Mixing is a very touchy subject. I don't know if leucs and auratus can produce offspring I do know that Ed just posted about an Auratus and Tinc mating as a way of sexing one of them but the eggs were flushed.

I know that some of the different darts can produce hybrid young so I wouldn't chance it. It's probably best to seperate them as the main concern with hybrids is having them get into the hobby.

I don't think leucs will take care of their tads after transport. From what I've read you would need to feed them but can raise them in the tank as long as there is enough semi-clean water and a way for them to crawl out when they morph.


----------



## divingne1 (Mar 21, 2008)

This is what is called my "frog room" until my husband is done with his projects. Then I get the extra room in the basement for a real frog room. This is the downstairs guest bedroom. I spent so much time painting, sanding and staining the furniture to be my pretty, all foo-foo girly room...then I became addicted to dart frogs. I haven't even put the new handles on the drawers. I threw all that into the wind and made it my temporary dart room..now it is a mess. I just started in this hobby 8 months ago. 
















Candy


----------



## kamazza (Sep 2, 2008)

Very nice Candy!

About the mixing issue, I'm not trying to breed them period [I dont feel I am experienced enough nor do I want to breed them, I just want to enjoy them  ], so wouldnt it be okay to leave them together and just dispose of their eggs?


----------



## ggazonas (May 11, 2008)

stemcellular said:


> ggazonas,
> 
> Looks great. However, I think you should definitely ditch the white shelf with the ornaments in favor of some more tanks.

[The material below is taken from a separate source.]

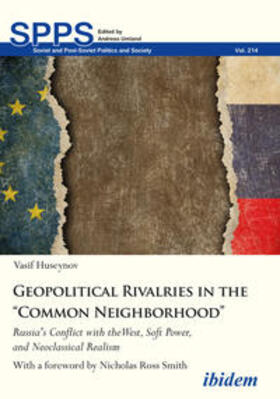 Huseynov / Umland |  Geopolitical Rivalries in the ¿Common Neighborhood¿ | Buch |  Sack Fachmedien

Yeah, not so sure how my gf will feel about that. I have a funny feeling she would not be happy. Especially since 1) that stuff is hers and 2)when I come home with more frogs she says "What do you need those for(frogs)" or "I thought you said you weren't getting anymore frogs"


----------



## ggazonas (May 11, 2008)

housevibe7 said:


> One thing I think you have to realize too is that many of these people like Scott and Shawn have spent years accumulating their collections. It isn't that they started the hobby last year and all of a sudden have these large collections. Think of it a bit like a car or a house. Most people would never be able to afford them if you were required to pay the amount all at once. Once you get it payed off though, especially with a house, you end up having something worth much more than the small parts you put into it. So a little here and there and before you know it, you have a lot more than a few.


However in some cases I became so addicted to the hobby that I have accumulated over 30 vivs and species in about a year. Finacially though it is taking a toll now, and the problem is slowing down. However I have had large collections of herps and fish for over 15 years so I have had the experience of keeping large quanties of animals.


----------



## ggazonas (May 11, 2008)

Scott said:


> We nuts ask... how do you keep so few.
> 
> My Frog Room
> 
> s


Very nice setup

Unfortunately I don't have a basement yet, but one day when I do hoepfully it will look soemthing like that.


----------



## heyduke (Sep 19, 2006)

kamazza said:


> Very nice Candy!
> 
> About the mixing issue, I'm not trying to breed them period [I dont feel I am experienced enough nor do I want to breed them, I just want to enjoy them  ], so wouldnt it be okay to leave them together and just dispose of their eggs?


there are other issues besides breeding and hybryds. there are also agressiveness issues where one type of frog can be "bullied" by the other and result in death due to stress and starvation. its really best just to keep them separate. its better to set up 2 smaller vivs and have less inhabitants in each than to set up one huge one and mix them. and it doesnt realy cost that much more.


----------



## kamazza (Sep 2, 2008)

The frogs actually get along great. They even rest in the same brom together side by side.


----------



## heyduke (Sep 19, 2006)

as they become sexually mature that could change pretty rapidly...so keep an eye out for agression.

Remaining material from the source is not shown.